[Image-text web data]

——

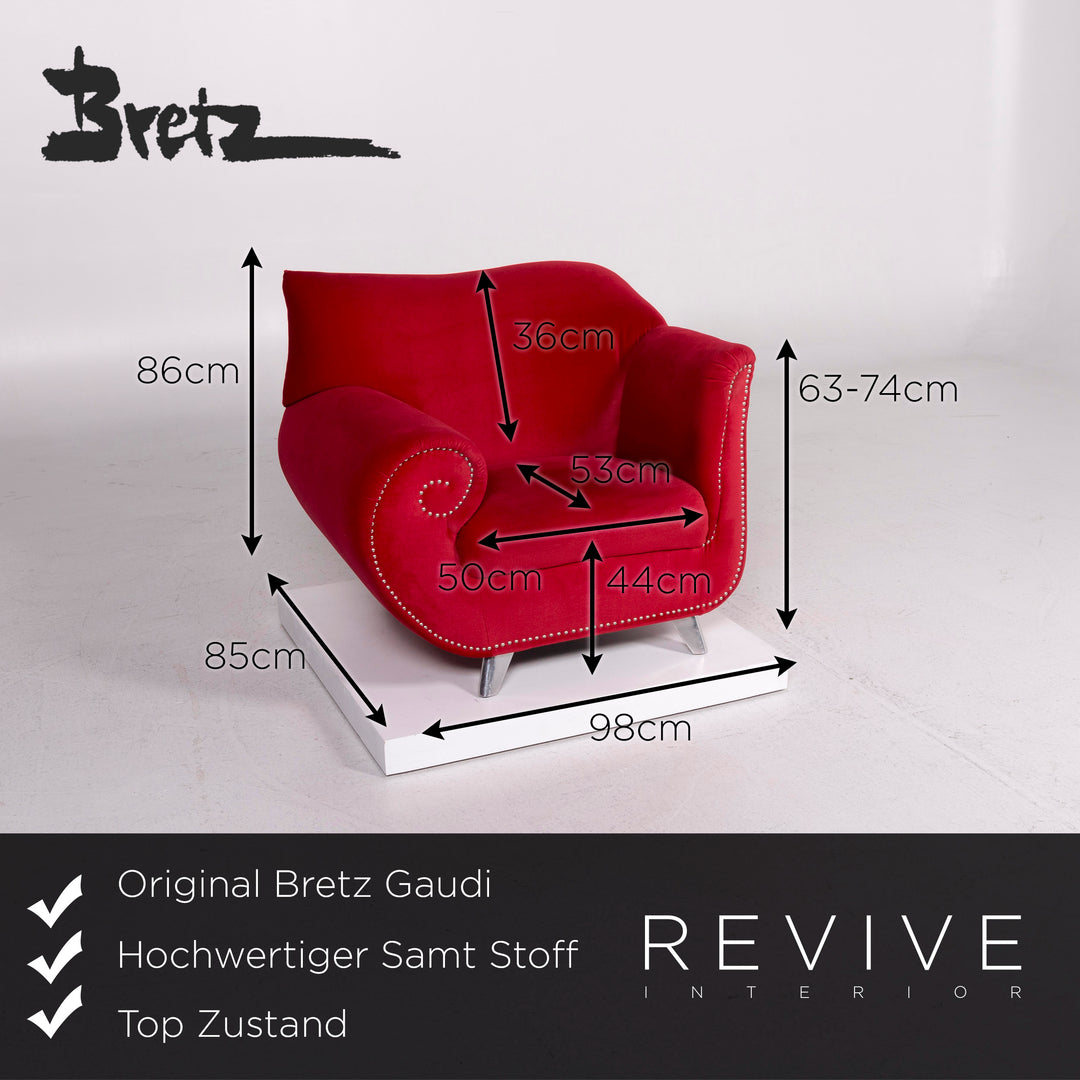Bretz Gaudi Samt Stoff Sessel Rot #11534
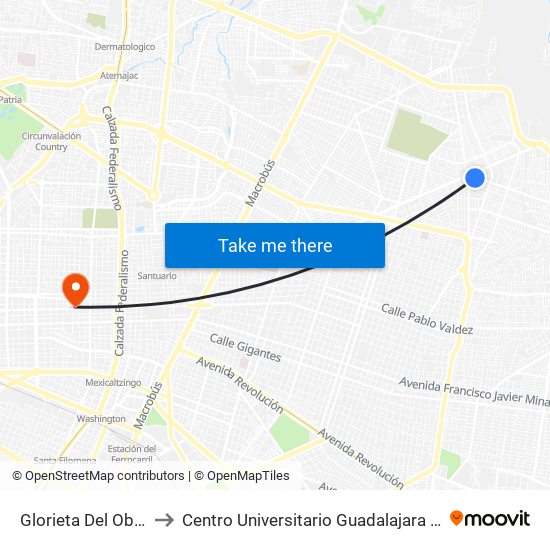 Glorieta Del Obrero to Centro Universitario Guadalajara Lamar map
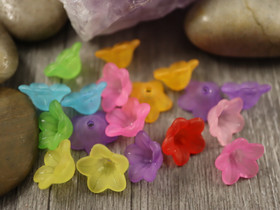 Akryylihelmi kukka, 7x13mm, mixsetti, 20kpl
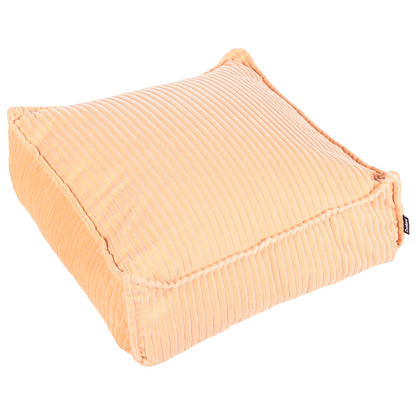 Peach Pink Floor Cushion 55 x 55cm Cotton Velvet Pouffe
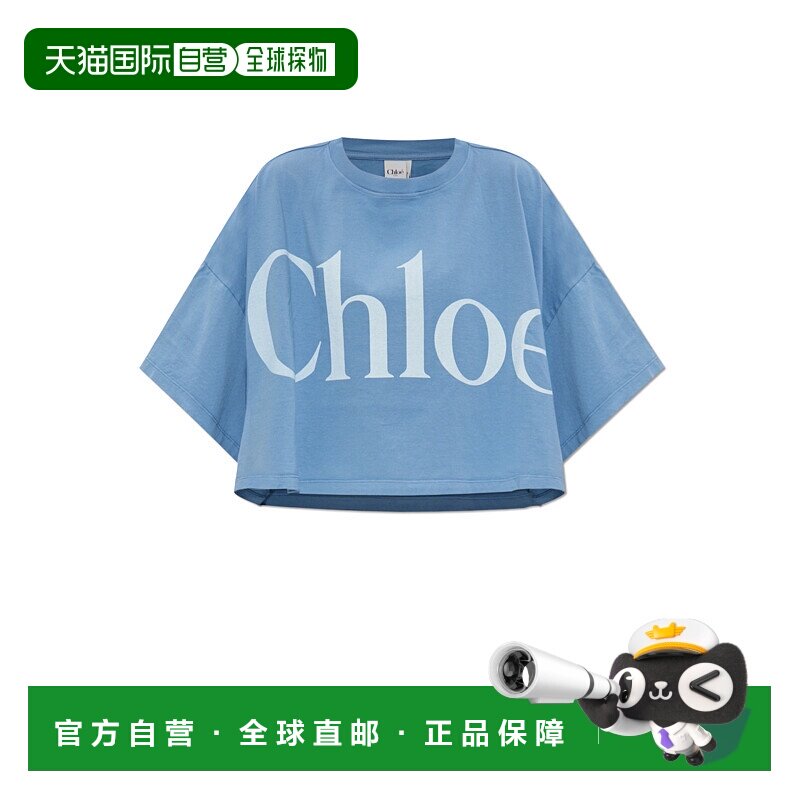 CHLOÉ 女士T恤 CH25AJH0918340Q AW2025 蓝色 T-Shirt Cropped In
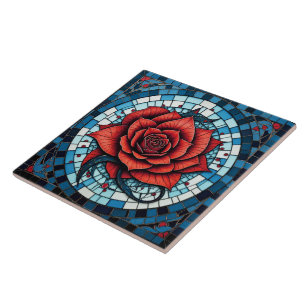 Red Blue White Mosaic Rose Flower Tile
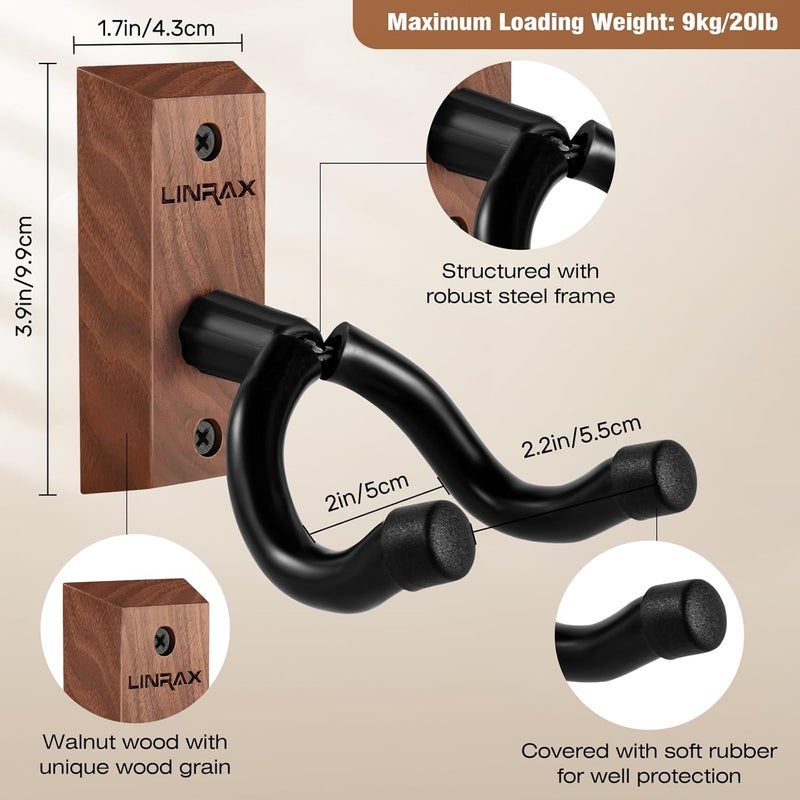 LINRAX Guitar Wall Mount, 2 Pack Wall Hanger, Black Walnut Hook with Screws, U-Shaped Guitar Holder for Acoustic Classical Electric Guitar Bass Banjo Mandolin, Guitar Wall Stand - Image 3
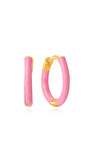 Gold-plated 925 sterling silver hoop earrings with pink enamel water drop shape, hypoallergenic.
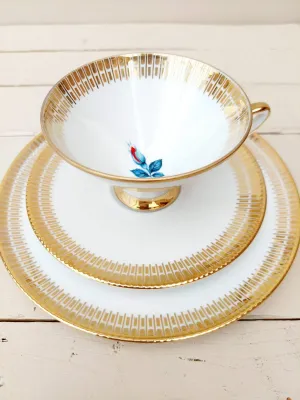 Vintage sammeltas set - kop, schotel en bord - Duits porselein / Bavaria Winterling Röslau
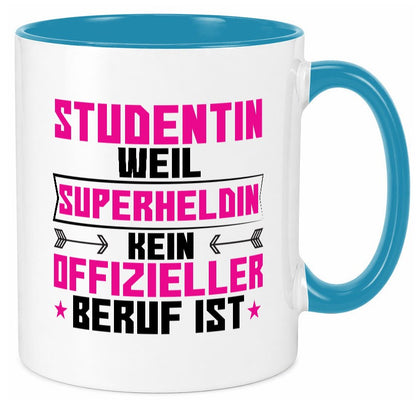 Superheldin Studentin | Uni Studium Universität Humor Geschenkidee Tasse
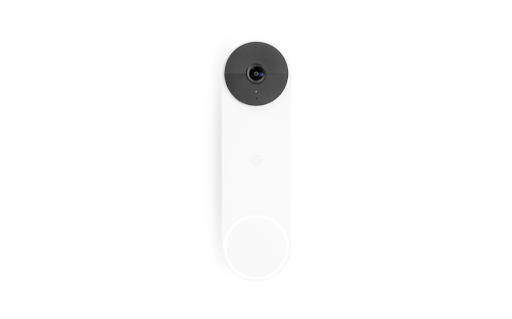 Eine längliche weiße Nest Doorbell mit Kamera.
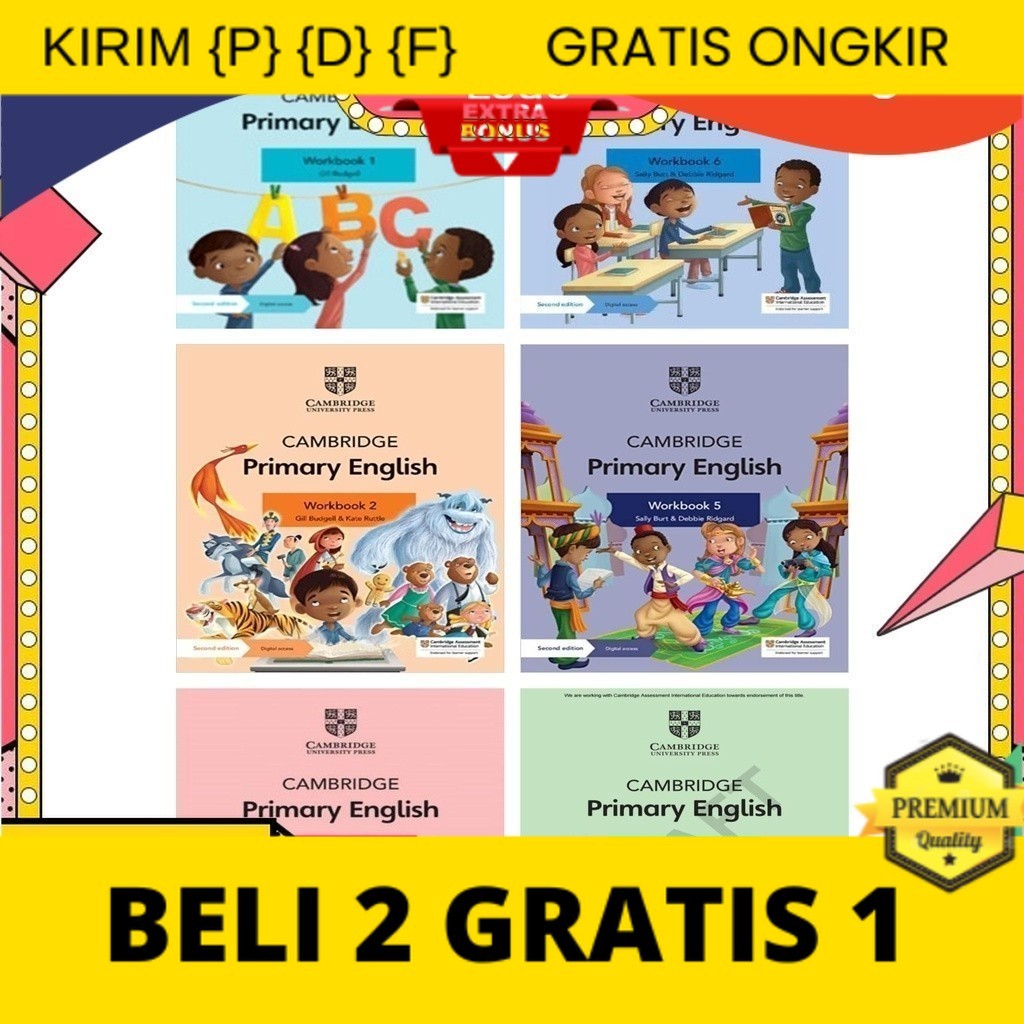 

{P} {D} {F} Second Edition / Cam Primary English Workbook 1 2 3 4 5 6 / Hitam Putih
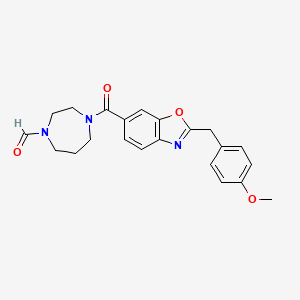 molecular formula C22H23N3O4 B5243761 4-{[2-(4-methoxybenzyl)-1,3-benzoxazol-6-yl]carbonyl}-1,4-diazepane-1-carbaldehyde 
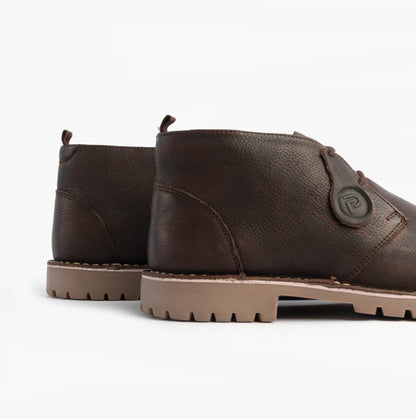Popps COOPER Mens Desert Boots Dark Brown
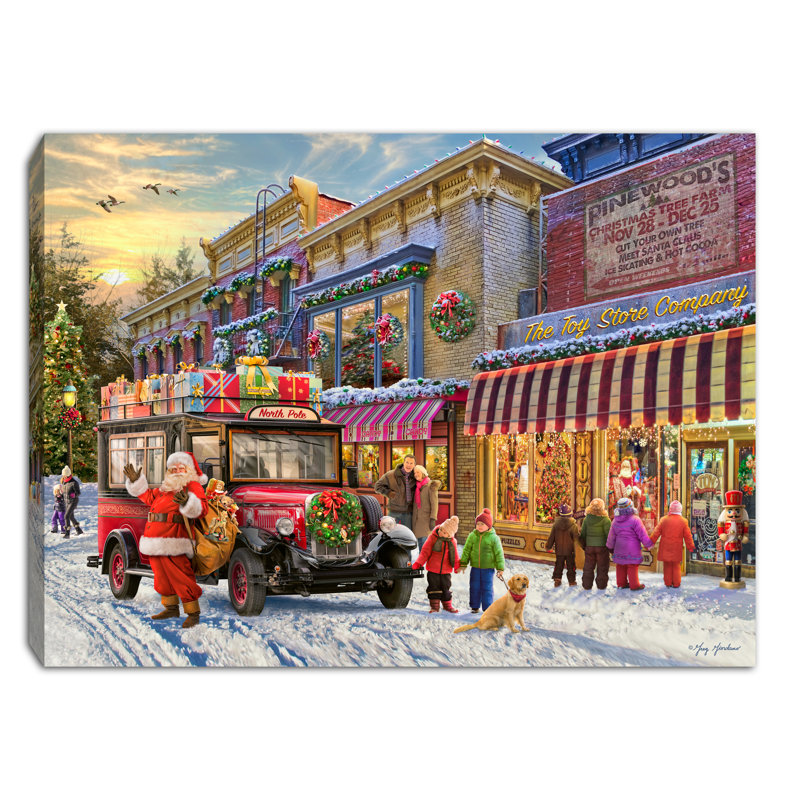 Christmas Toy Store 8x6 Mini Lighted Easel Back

——

**Your assignment**
All lines from the one containing "Vintage sammeltas set" through the final line of the records are to be retyped exactly; no other lines and no pictures are to be included.

**Result of this task**
 Vintage sammeltas set - kop, schotel en bord - Duits porselein / Bavaria Winterling Röslau
 Superheldin Studentin | Uni Studium Universität Humor Geschenkidee Tasse
 Eine längliche weiße Nest Doorbell mit Kamera.

{P} {D} {F} Second Edition / Cam Primary English Workbook 1 2 3 4 5 6 / Hitam Putih
 molecular formula C22H23N3O4 B5243761 4-{[2-(4-methoxybenzyl)-1,3-benzoxazol-6-yl]carbonyl}-1,4-diazepane-1-carbaldehyde 
Popps COOPER Mens Desert Boots Dark Brown
 Christmas Toy Store 8x6 Mini Lighted Easel Back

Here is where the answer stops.